Dataset content:
────
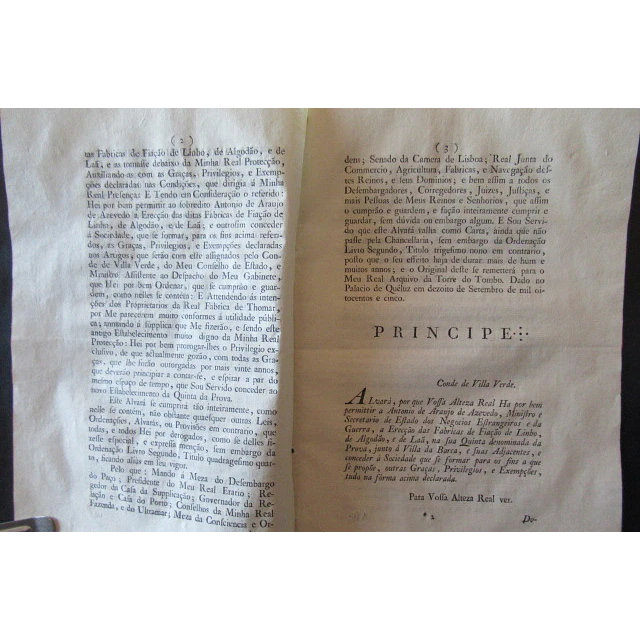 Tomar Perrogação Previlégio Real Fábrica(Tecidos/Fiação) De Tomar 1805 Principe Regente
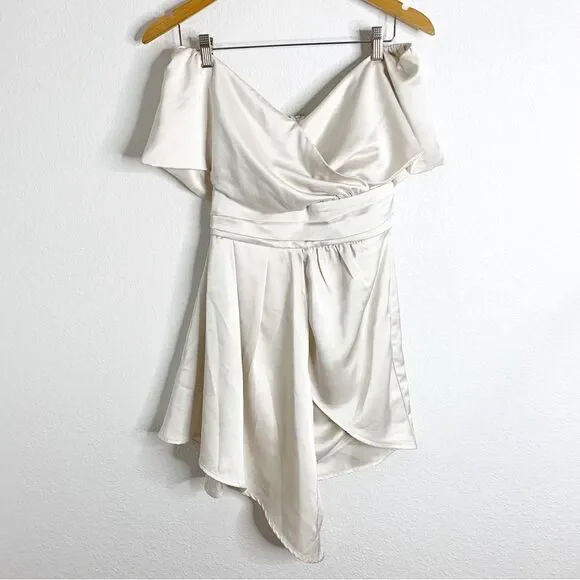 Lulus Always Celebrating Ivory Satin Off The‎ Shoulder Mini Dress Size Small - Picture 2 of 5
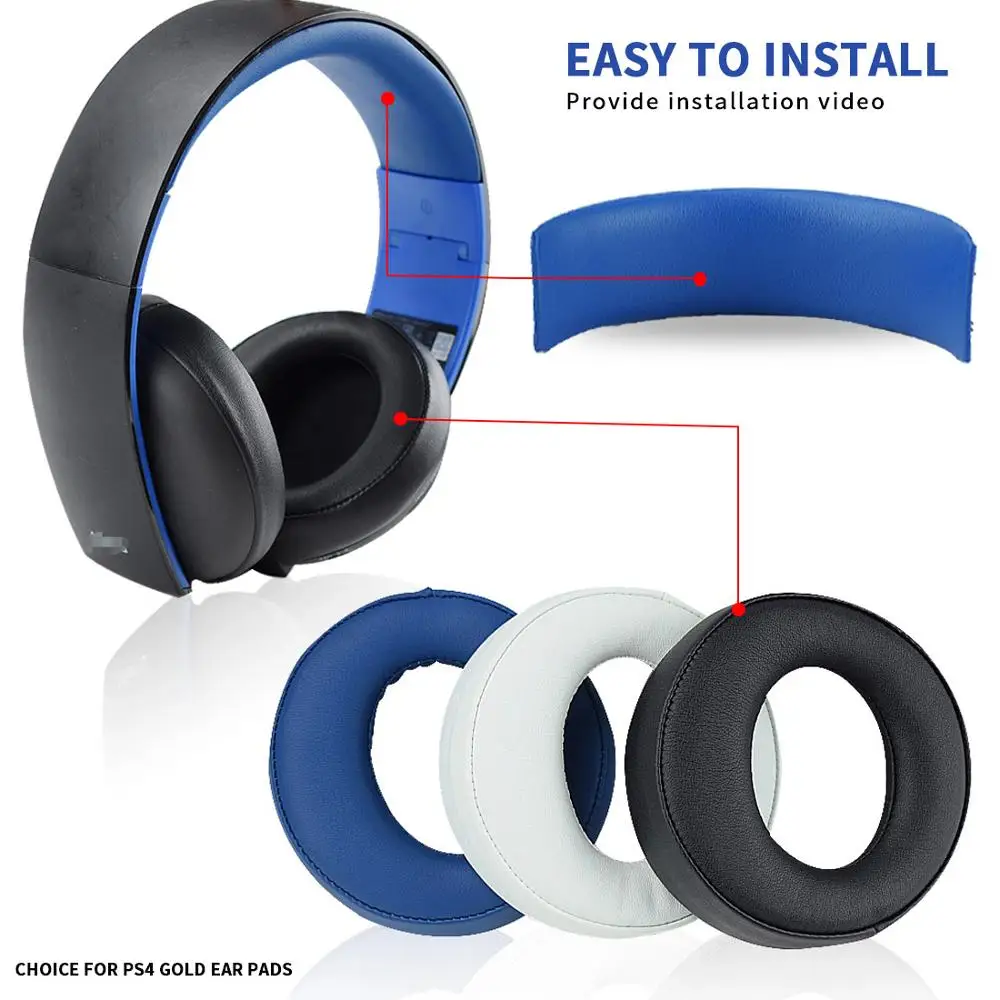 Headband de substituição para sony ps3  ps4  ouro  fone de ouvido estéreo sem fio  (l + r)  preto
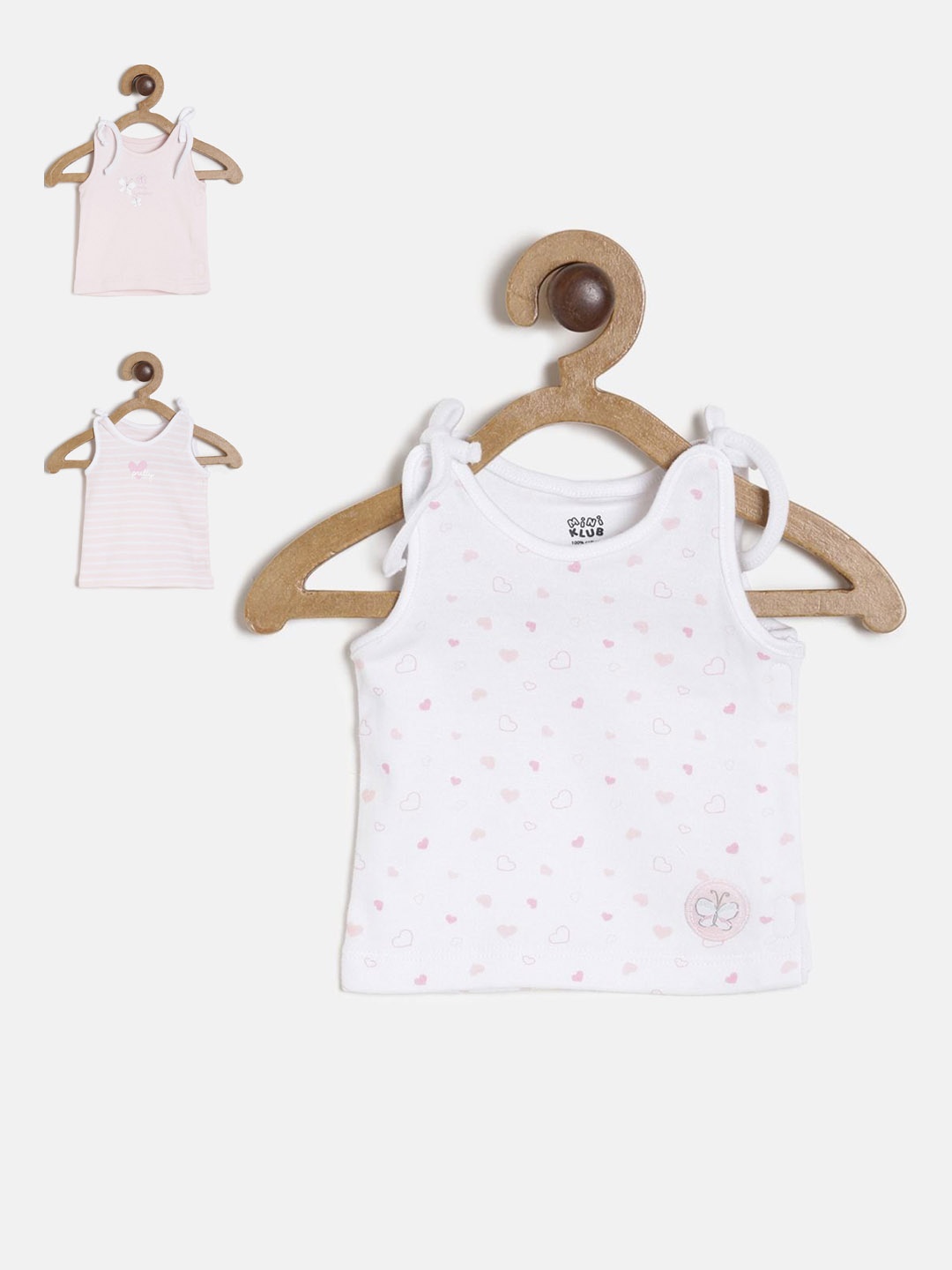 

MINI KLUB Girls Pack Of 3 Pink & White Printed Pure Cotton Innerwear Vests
────
The problem:
Return the complete material exactly as it appears, without images.

Expected output:
 Tomar Perrogação Previlégio Real Fábrica(Tecidos/Fiação) De Tomar 1805 Principe Regente
 Lulus Always Celebrating Ivory Satin Off The‎ Shoulder Mini Dress Size Small - Picture 2 of 5
 Headband de substituição para sony ps3  ps4  ouro  fone de ouvido estéreo sem fio  (l + r)  preto

MINI KLUB Girls Pack Of 3 Pink & White Printed Pure Cotton Innerwear Vests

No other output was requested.